Tour-de-France-Chef Christian Prudhomme hat die Hoffnungen auf einen Start des größten Radrennens der Welt im Jahr 2029 im Osten Deutschlands weiter geschürt. «Das uns vorgestellte Projekt ist zweifellos ein verlockendes Vorhaben, das wir mit größter Aufmerksamkeit prüfen werden», sagte der 65 Jahre alte Franzose in Berlin bei der offiziellen Übergabe der Bewerbung des deutschen Verbandes German Cycling und des Vereins «Grand Départ Allemagne».
Prudhomme hob besonders die historische Bedeutung eines Grand Départs in Berlin, Sachsen, Sachsen-Anhalt und Thüringen 40 Jahre nach der friedlichen Revolution und dem Fall der Berliner Mauer hervor. «Das ist ein so wichtiger Jahrestag für die Deutschen. Aber auch für ganz Europa und über Europa hinaus, für alle Menschen, die an die Freiheit glauben», sagte er vor dem Brandenburger Tor. Als Geschenk bekamen die Tour-Organisatoren ein Stück der Berliner Mauer.

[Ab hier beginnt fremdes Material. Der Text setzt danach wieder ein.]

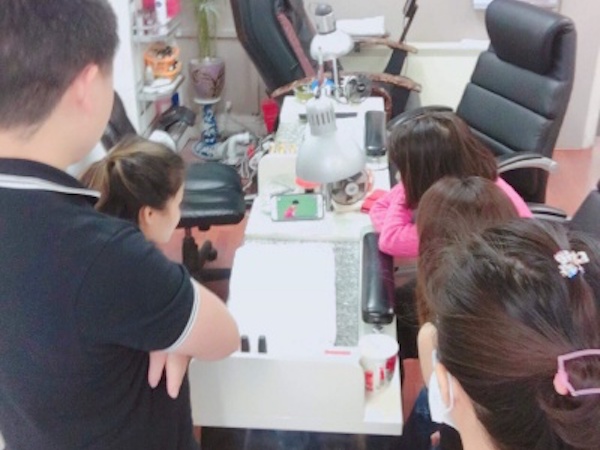 Fan Việt ở nước ngoài vỡ oà vì chiến thắng của U23 Việt Nam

Gemeinsam mit den beteiligten Bundesländern Berlin, Sachsen, Sachsen-Anhalt und Thüringen sowie mit Unterstützung des Bundes solle «ein europäisches Zeichen für Freiheit, Zusammenhalt und die deutsch-französische Freundschaft» gesetzt werden, hieß es von German Cycling und «Grand Départ Allemagne».